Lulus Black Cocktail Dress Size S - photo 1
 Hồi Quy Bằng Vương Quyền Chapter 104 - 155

• • • • •

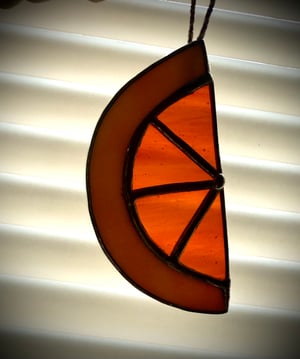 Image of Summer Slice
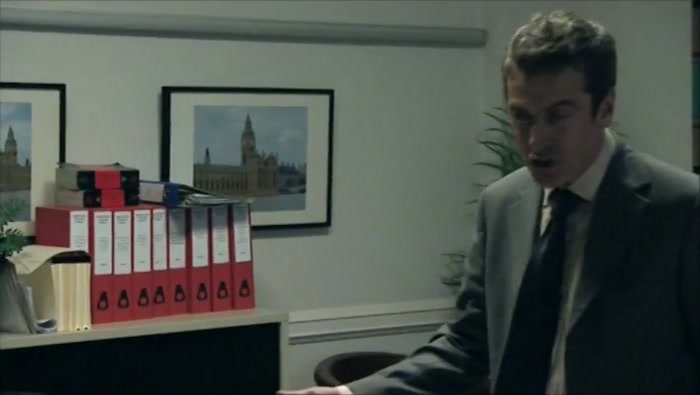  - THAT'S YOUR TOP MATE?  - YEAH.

• • • • •

(Work required): Output exactly one stretch of the listing: from the line containing "Lulus Black Cocktail Dress Size S - photo 1" through the line containing "Hồi Quy Bằng Vương Quyền Chapter 104 - 155", both end lines included.

(Result of the exercise):
Lulus Black Cocktail Dress Size S - photo 1
 Hồi Quy Bằng Vương Quyền Chapter 104 - 155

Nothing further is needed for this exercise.